Supplied data section start
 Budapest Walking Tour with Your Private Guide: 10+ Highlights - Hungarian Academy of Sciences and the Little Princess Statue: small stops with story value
Supplied data section end
Supplied data section start
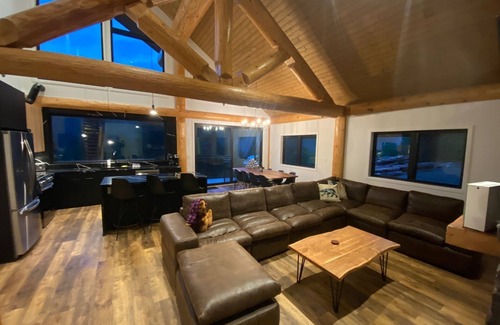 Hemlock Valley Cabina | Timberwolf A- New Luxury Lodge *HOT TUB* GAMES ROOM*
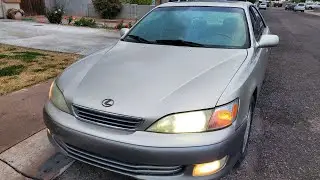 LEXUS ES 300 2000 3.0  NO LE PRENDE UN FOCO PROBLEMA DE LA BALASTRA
Supplied data section end
A clean copy is needed of the lines above from the one with "Hemlock Valley Cabina" up to and including the one with "LEXUS ES 300". Please set it down exactly, with no pictures.

 Hemlock Valley Cabina | Timberwolf A- New Luxury Lodge *HOT TUB* GAMES ROOM*
 LEXUS ES 300 2000 3.0  NO LE PRENDE UN FOCO PROBLEMA DE LA BALASTRA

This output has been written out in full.